(Stored data begins)
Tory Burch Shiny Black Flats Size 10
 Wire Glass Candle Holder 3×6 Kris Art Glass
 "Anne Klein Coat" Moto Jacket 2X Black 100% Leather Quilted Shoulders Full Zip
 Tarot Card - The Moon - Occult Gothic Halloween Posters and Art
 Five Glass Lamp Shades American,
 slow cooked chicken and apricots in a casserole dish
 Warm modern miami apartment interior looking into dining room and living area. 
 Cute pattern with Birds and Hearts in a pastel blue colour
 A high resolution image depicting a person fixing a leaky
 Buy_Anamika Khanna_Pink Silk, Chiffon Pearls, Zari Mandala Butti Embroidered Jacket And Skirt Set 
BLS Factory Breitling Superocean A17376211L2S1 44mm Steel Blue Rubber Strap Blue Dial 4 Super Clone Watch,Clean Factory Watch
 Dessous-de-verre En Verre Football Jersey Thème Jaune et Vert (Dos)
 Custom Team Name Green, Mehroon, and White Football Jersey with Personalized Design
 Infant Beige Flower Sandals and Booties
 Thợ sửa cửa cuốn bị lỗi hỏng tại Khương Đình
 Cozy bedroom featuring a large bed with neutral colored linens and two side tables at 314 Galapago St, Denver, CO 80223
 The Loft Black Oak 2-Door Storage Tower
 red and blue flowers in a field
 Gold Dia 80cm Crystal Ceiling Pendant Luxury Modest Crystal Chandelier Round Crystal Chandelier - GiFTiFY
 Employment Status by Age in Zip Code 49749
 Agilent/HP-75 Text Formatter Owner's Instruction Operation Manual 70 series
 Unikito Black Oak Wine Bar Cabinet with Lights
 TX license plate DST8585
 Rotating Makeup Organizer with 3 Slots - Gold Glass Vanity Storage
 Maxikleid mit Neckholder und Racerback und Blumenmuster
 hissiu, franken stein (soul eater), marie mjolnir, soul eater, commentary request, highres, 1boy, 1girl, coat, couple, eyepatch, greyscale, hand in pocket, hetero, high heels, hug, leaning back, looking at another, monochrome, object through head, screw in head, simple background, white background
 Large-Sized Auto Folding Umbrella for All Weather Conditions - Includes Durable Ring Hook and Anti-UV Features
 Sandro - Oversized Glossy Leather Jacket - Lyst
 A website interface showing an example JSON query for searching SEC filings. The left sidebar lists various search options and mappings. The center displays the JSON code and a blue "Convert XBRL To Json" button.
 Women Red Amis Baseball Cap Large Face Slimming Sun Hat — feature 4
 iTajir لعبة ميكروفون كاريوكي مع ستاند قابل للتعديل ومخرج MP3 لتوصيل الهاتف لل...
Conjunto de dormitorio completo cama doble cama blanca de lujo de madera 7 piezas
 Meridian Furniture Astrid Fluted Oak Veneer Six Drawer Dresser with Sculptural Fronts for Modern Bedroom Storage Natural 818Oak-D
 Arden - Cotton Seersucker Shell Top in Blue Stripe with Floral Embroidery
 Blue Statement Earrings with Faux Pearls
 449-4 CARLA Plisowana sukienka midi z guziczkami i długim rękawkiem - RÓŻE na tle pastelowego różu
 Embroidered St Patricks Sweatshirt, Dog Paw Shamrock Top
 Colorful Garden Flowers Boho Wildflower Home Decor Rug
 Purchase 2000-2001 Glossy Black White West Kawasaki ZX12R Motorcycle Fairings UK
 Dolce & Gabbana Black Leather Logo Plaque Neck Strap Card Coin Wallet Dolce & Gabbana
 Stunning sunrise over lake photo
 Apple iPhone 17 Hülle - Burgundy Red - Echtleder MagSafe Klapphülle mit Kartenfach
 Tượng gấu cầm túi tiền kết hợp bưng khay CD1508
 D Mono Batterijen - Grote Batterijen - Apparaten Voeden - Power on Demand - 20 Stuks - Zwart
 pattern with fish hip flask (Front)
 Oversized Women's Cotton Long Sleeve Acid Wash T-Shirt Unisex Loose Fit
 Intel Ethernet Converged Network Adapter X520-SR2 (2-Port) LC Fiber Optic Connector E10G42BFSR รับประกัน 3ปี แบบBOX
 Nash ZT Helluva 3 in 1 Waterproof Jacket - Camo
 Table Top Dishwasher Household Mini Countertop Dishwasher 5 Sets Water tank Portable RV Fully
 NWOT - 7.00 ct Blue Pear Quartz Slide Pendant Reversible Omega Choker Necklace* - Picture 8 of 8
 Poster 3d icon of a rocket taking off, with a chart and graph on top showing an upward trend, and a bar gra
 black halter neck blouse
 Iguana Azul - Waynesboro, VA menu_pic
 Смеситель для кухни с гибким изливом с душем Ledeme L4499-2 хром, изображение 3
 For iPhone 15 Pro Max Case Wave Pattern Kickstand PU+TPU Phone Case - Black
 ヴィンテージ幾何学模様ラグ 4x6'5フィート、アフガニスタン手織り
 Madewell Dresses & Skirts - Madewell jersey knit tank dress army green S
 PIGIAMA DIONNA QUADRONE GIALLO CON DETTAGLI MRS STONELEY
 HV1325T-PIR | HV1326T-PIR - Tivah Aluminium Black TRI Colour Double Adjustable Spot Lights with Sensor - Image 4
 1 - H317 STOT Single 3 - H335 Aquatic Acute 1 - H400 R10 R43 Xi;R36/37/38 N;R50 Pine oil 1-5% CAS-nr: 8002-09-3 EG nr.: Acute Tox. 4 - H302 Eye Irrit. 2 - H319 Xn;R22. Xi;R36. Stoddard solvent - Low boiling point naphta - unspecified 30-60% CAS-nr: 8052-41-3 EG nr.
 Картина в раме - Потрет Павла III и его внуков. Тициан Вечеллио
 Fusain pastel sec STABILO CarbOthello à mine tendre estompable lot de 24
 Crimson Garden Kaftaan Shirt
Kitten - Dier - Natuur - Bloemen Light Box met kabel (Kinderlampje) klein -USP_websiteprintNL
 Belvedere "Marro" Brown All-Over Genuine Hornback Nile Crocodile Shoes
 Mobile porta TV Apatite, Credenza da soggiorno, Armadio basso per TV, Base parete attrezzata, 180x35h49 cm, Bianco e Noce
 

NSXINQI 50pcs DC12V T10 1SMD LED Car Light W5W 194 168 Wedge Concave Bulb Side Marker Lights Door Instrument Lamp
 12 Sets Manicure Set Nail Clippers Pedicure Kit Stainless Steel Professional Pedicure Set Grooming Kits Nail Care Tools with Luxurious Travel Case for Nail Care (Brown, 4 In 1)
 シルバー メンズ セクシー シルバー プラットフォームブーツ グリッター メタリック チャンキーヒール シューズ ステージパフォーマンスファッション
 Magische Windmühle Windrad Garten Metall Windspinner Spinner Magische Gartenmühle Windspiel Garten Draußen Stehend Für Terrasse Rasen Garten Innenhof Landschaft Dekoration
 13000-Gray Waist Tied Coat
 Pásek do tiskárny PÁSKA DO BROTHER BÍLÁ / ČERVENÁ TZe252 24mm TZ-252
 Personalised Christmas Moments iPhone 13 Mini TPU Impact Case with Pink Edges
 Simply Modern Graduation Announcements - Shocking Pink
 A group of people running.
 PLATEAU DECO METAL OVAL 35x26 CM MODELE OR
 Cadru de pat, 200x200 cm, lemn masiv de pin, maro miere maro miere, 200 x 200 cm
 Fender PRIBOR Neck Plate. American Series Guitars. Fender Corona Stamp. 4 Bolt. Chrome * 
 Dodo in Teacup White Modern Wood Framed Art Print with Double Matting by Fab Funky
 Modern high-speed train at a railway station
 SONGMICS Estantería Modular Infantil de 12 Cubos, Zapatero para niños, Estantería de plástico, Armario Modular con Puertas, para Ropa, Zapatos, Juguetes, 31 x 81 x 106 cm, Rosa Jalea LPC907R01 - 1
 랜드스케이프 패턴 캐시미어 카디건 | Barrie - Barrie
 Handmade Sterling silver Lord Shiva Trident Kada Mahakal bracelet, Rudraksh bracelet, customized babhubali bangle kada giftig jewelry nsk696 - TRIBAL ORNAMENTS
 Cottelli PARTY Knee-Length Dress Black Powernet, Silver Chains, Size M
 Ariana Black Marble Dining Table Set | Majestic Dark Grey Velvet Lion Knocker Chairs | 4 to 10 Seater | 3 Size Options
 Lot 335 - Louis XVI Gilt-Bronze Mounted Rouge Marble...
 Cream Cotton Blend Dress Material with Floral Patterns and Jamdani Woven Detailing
(Stored data ends)
= Work required =
Your answer should be every line above that contains the word "Embroidered".

= Your response =
 Buy_Anamika Khanna_Pink Silk, Chiffon Pearls, Zari Mandala Butti Embroidered Jacket And Skirt Set 
 Embroidered St Patricks Sweatshirt, Dog Paw Shamrock Top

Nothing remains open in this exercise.